Goal of the exercise
Starting at the top of the records below and ending with the line that contains "Front view of Honduras C235 collectors stamp", print each line exactly as written, skipping the pictures.

Material to process
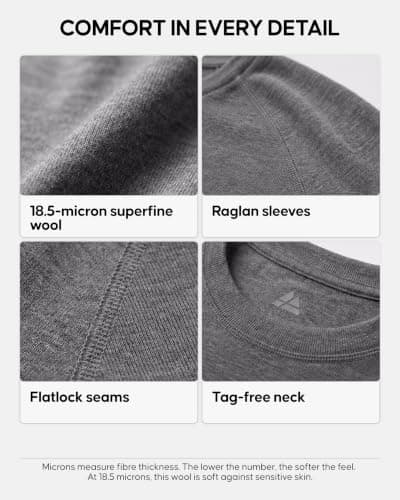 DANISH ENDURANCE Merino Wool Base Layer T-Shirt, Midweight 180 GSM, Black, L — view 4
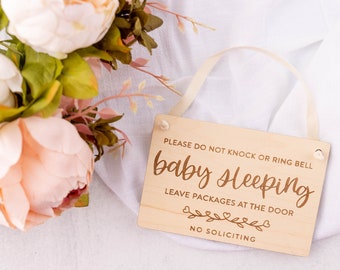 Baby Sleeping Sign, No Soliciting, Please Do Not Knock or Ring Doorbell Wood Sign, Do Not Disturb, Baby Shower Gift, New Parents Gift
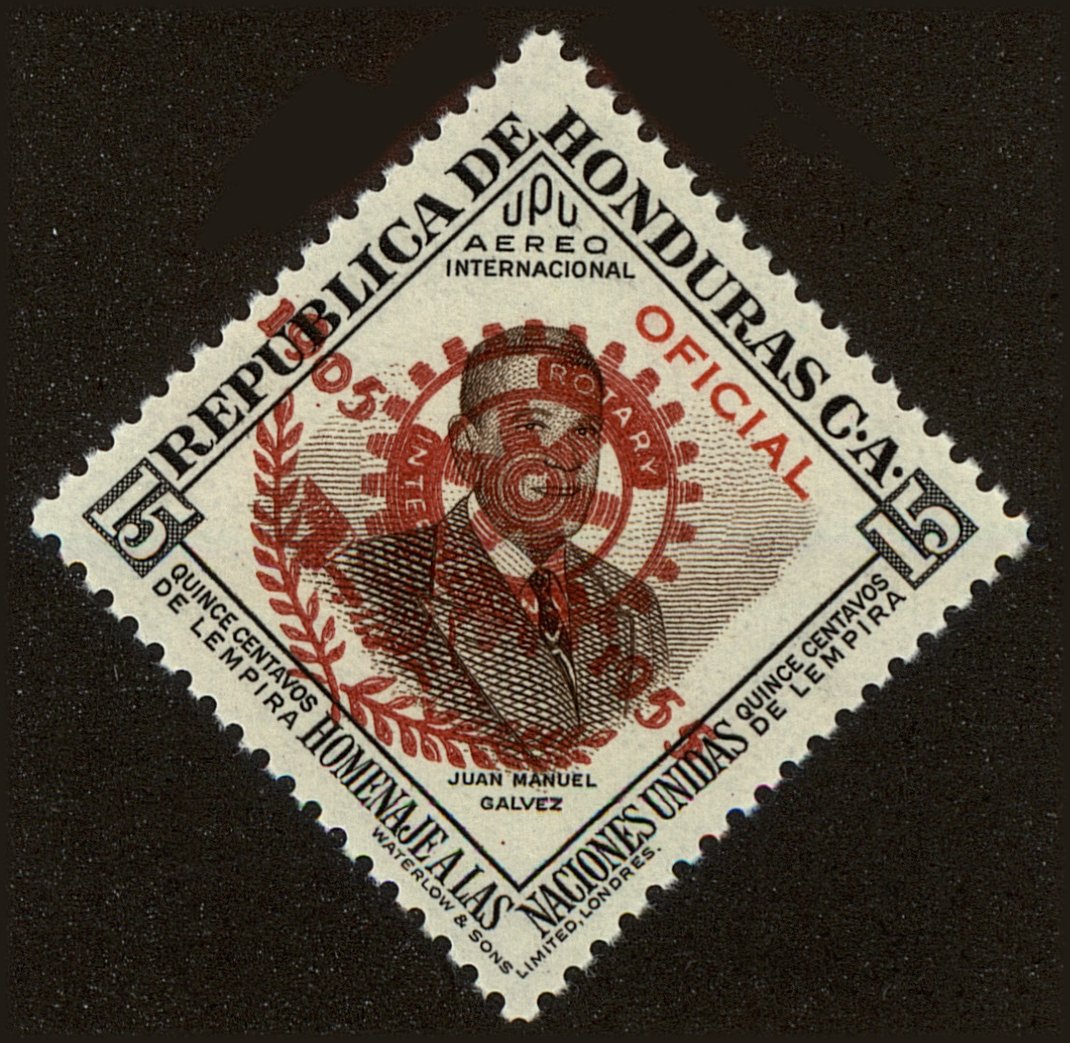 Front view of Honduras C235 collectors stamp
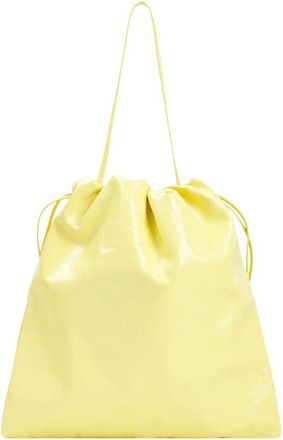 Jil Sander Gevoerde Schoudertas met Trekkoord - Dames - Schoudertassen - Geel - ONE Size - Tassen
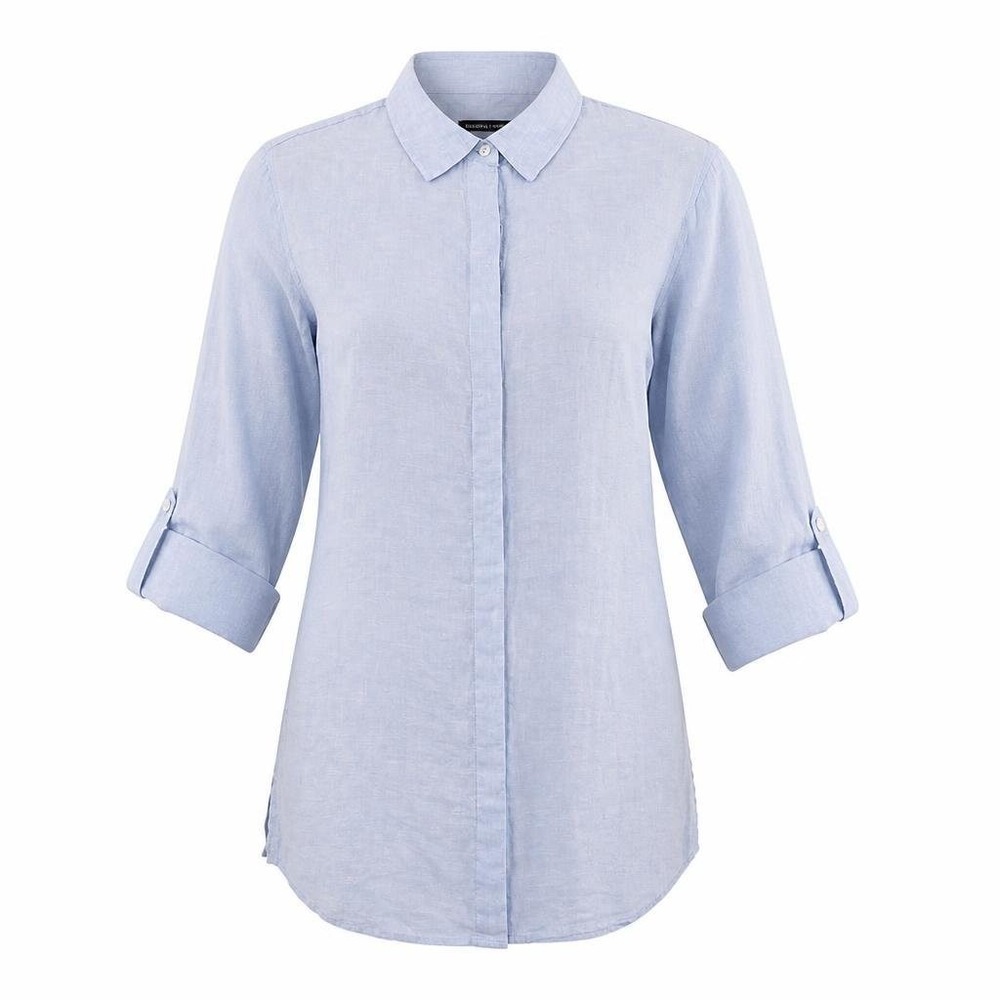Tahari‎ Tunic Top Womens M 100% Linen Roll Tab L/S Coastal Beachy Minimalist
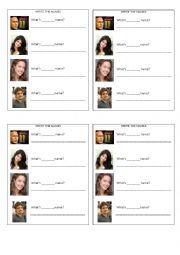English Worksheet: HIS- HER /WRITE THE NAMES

Finished exercise
 DANISH ENDURANCE Merino Wool Base Layer T-Shirt, Midweight 180 GSM, Black, L — view 4
 Baby Sleeping Sign, No Soliciting, Please Do Not Knock or Ring Doorbell Wood Sign, Do Not Disturb, Baby Shower Gift, New Parents Gift
 Front view of Honduras C235 collectors stamp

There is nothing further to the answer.